_YOUR ASSIGNMENT:_ In this exercise, print only the lines from the line with "Pánské triko Yakuza" to the last line of the data below, inclusive. Any pictures should be left out.

==== INFORMATION SUPPLIED

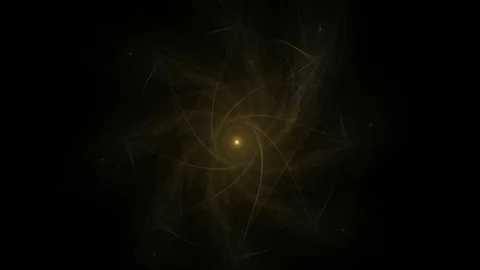 Abstract connections moving in space Stock Footage 118055151
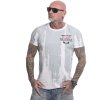 Pánské triko Yakuza Fool Allover 27016 white (Velikost L)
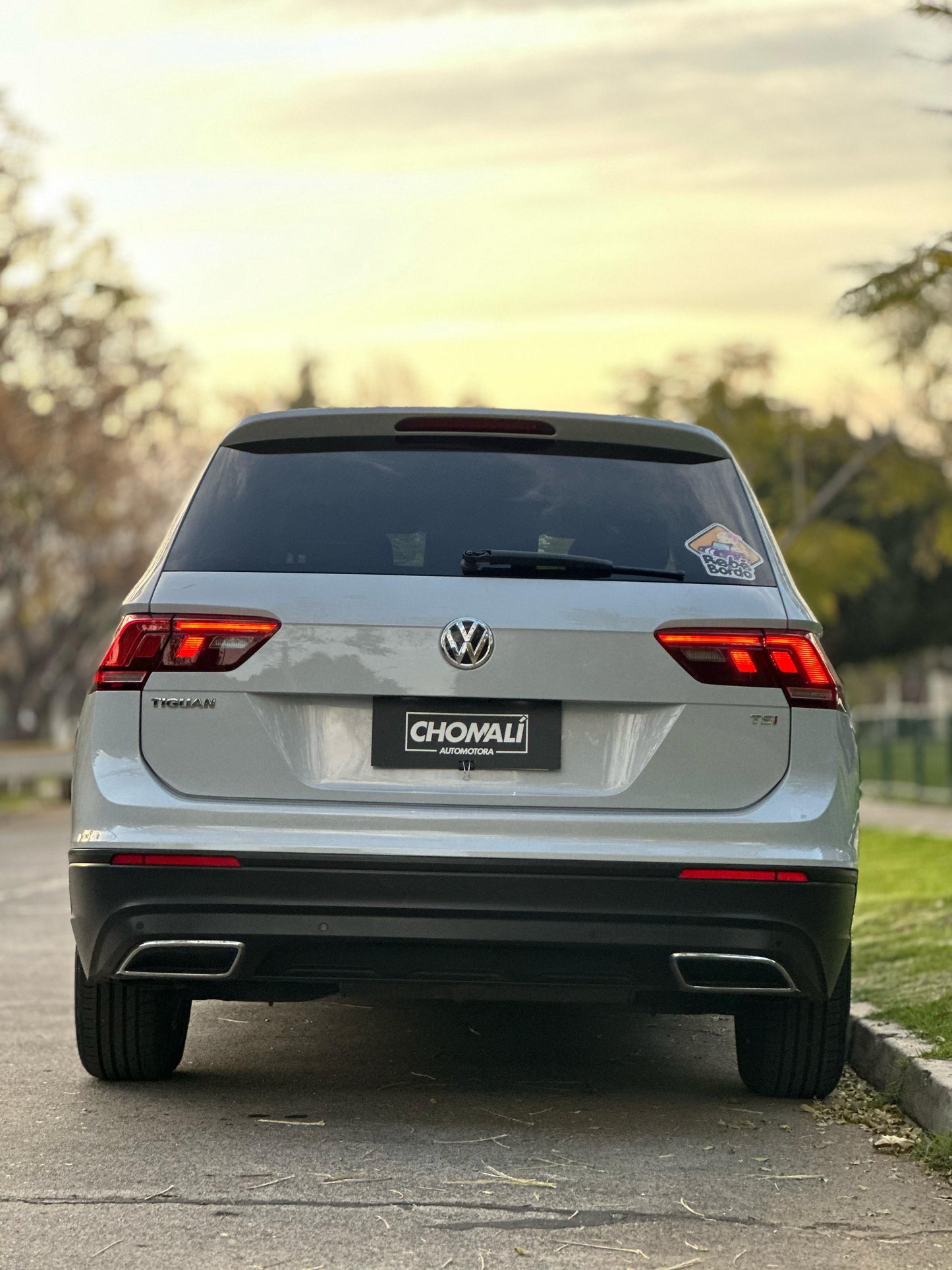 2018 Volkswagen Tiguan 1.4 TSFI Comfortline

========

_ANSWER TO THE EXERCISE:_
 Pánské triko Yakuza Fool Allover 27016 white (Velikost L)
 2018 Volkswagen Tiguan 1.4 TSFI Comfortline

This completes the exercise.